• [Required action] Your output should be the complete listing, word for word, with no pictures in it.

• [Recorded data]
○ ○ ○ ○ ○ ○ ○

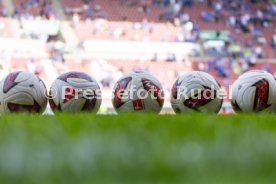 30.08.26 FC Augsburg - FC Schalke 04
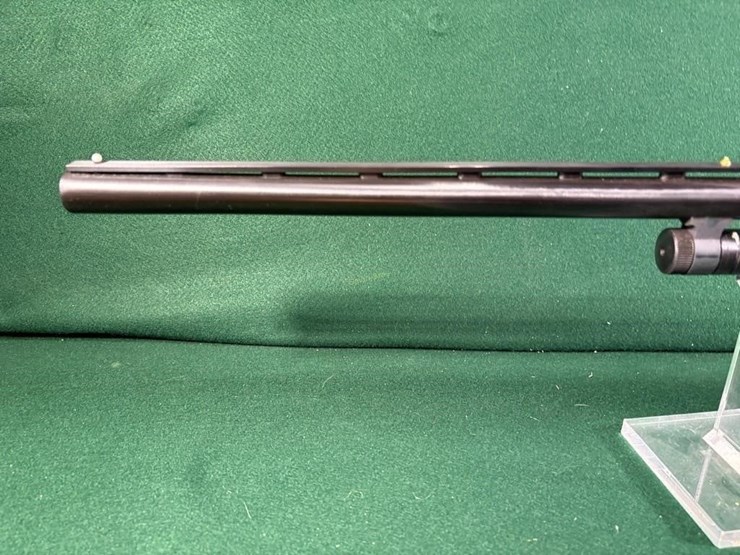 mossberg-maverick-arms-mdl-88-12ga-shotgun-image-9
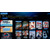 Internet Features 2 Photo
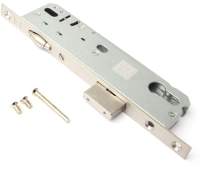 Замки дверные Apecs 7000-35-R-NI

○ ○ ○ ○ ○ ○ ○

• [Exercise result]
 30.08.26 FC Augsburg - FC Schalke 04
 mossberg-maverick-arms-mdl-88-12ga-shotgun-image-9
 Internet Features 2 Photo
 Замки дверные Apecs 7000-35-R-NI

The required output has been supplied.